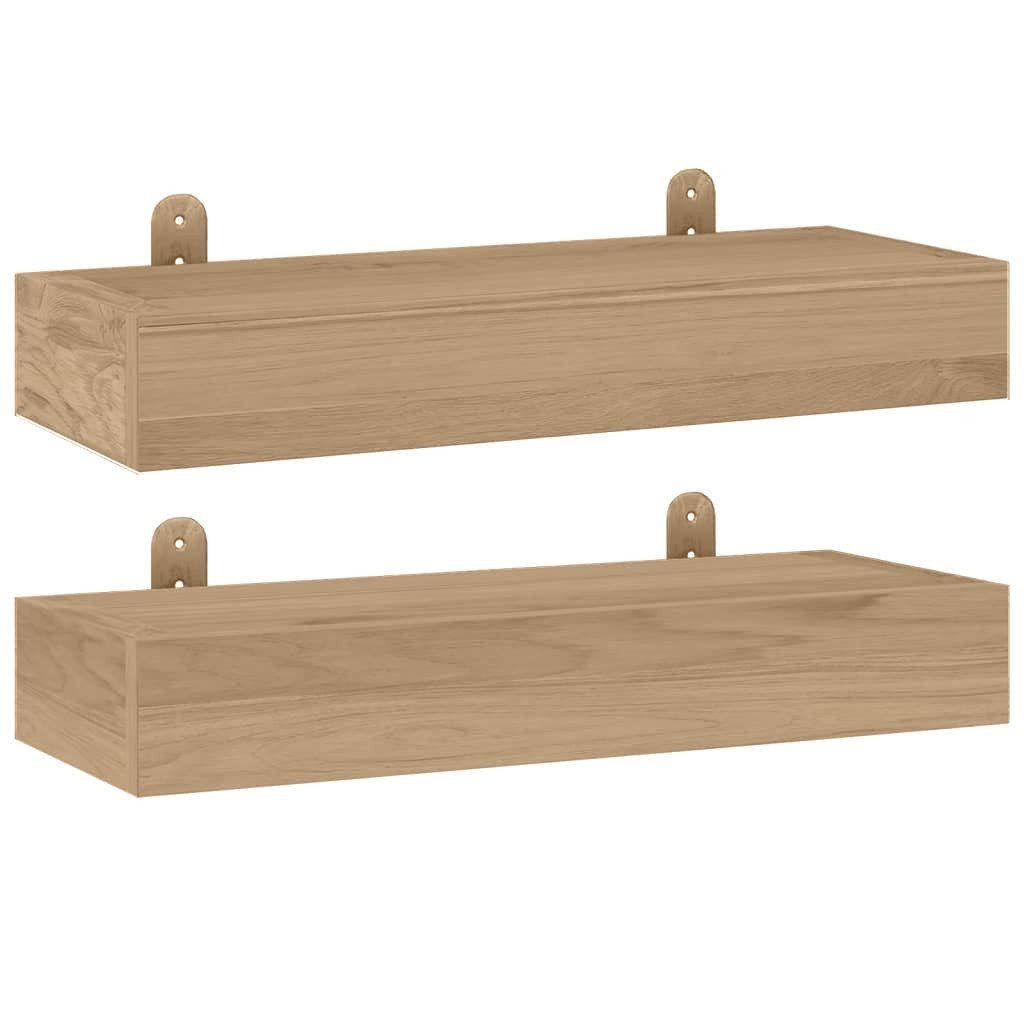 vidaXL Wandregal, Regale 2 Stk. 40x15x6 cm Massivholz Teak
* * *
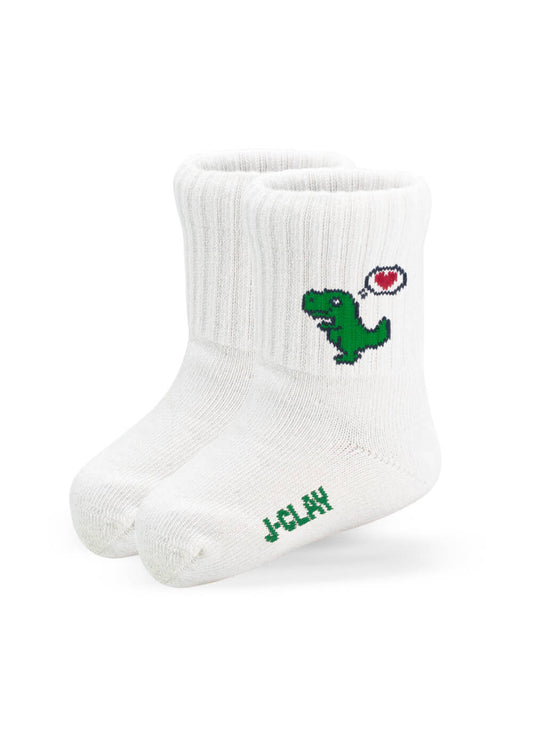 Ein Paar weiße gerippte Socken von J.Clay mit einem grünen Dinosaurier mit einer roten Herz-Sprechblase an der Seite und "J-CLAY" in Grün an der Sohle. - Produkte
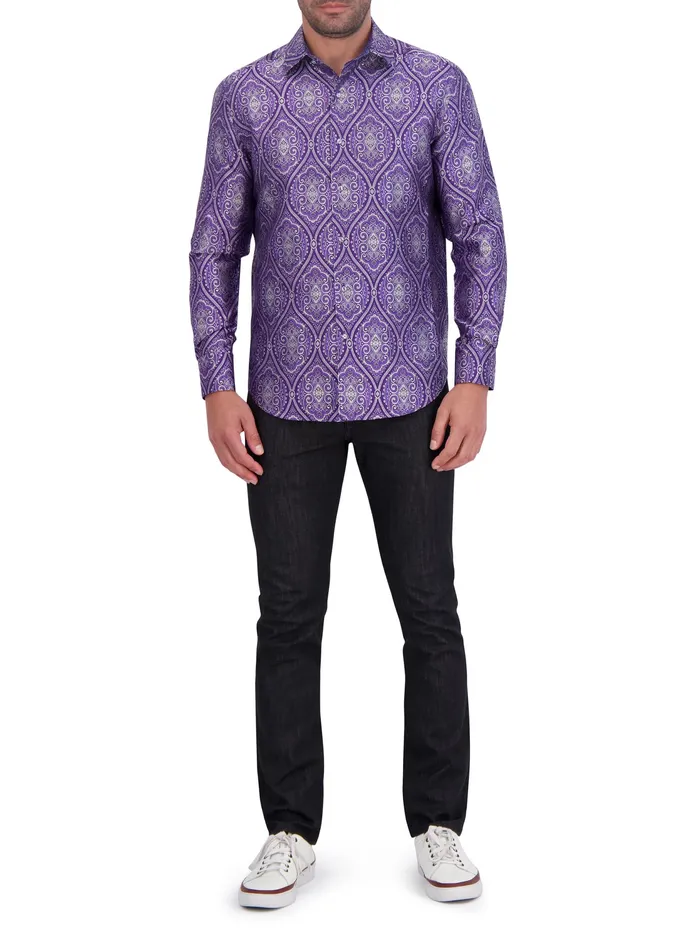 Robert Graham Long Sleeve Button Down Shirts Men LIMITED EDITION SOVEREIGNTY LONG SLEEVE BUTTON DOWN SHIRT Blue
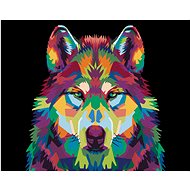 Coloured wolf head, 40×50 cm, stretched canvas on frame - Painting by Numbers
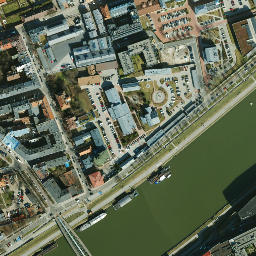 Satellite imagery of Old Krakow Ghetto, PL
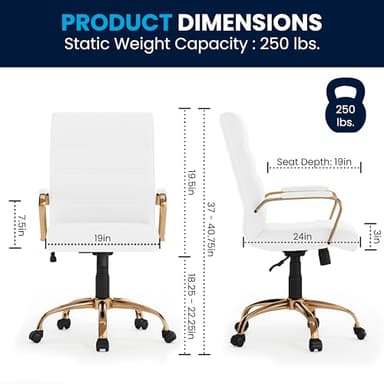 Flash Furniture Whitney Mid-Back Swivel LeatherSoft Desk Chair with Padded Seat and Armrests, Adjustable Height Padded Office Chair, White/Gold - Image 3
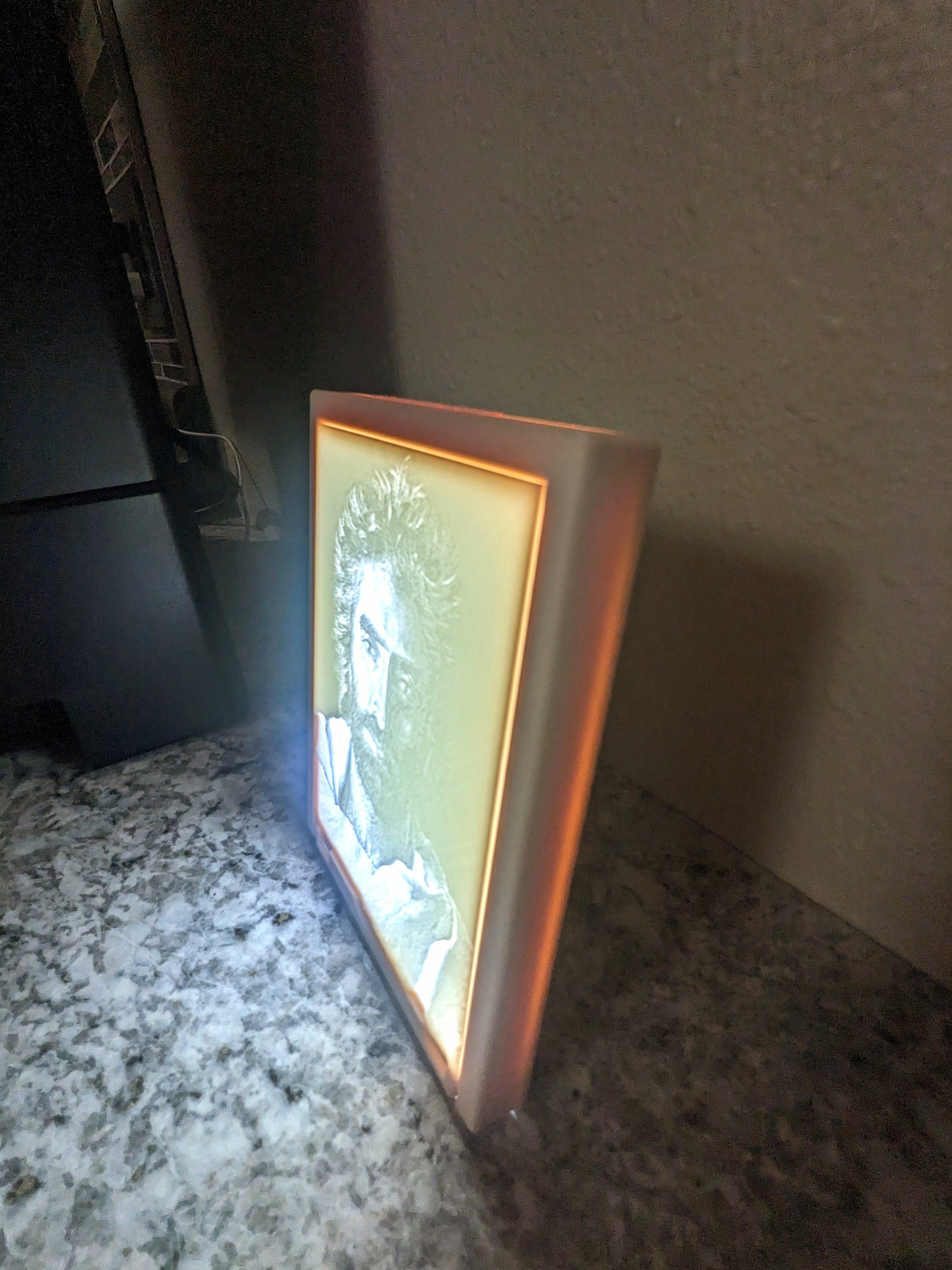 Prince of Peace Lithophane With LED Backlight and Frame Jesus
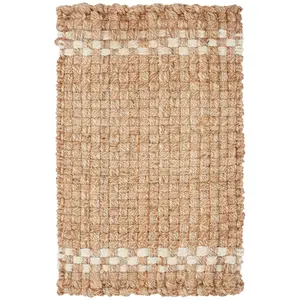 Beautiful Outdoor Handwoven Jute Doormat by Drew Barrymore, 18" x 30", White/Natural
* * *
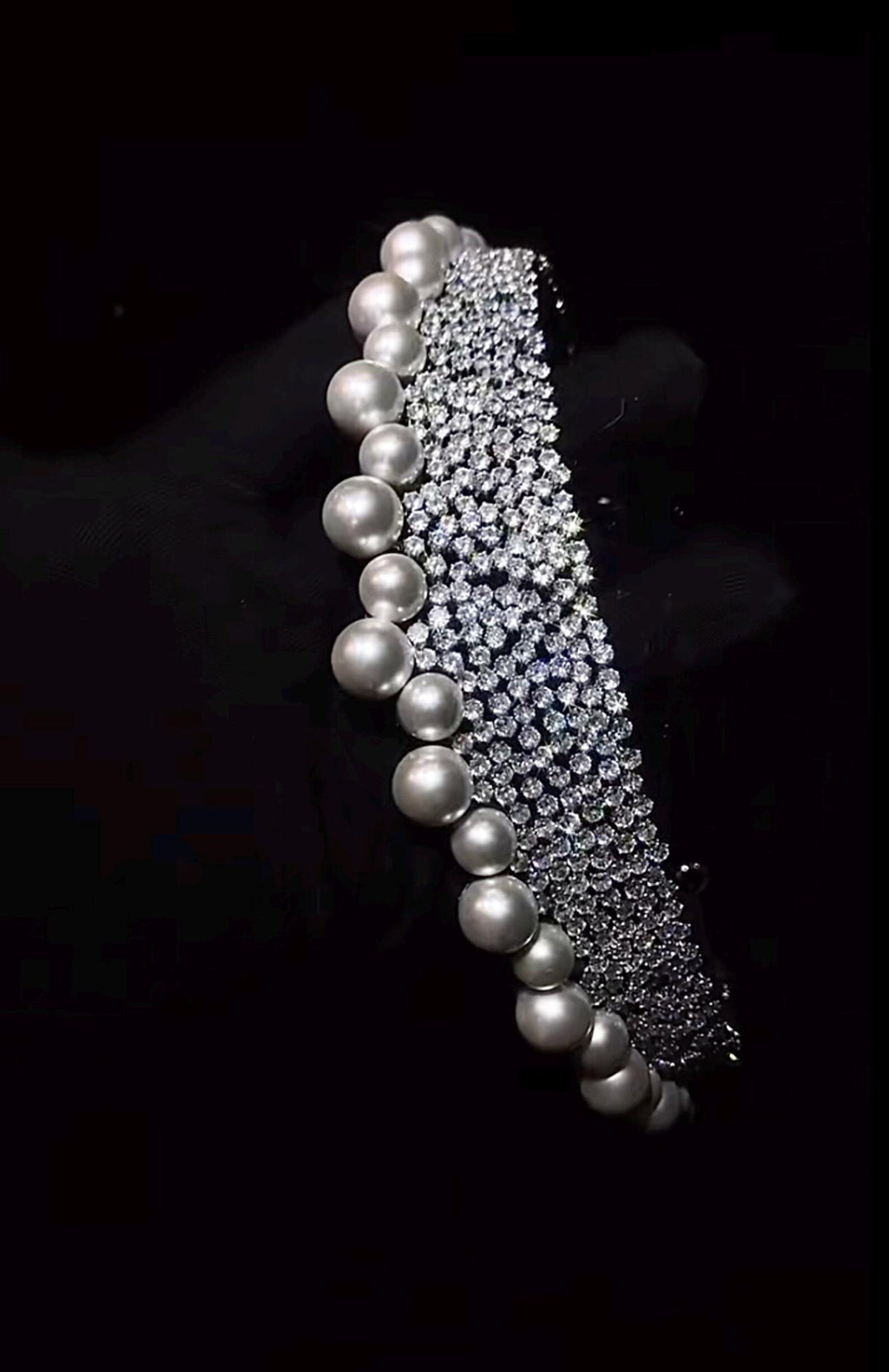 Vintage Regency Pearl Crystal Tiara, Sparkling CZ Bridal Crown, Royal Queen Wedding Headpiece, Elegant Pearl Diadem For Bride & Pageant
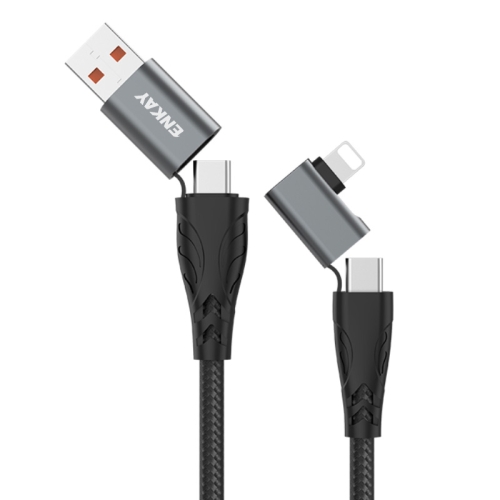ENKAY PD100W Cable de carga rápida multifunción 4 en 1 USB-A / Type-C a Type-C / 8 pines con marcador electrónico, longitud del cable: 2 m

▶ [TASK PROMPT]:
Of all the material above, only the lines from the one that has "Satellite imagery of Old Krakow Ghetto, PL" down to the one that has "Beautiful Outdoor Handwoven" are to be written out, exactly and with both ends included. Pictures are skipped.

▶ [YOUR SOLUTION]:
 Satellite imagery of Old Krakow Ghetto, PL
 Flash Furniture Whitney Mid-Back Swivel LeatherSoft Desk Chair with Padded Seat and Armrests, Adjustable Height Padded Office Chair, White/Gold - Image 3
 Prince of Peace Lithophane With LED Backlight and Frame Jesus
 Beautiful Outdoor Handwoven Jute Doormat by Drew Barrymore, 18" x 30", White/Natural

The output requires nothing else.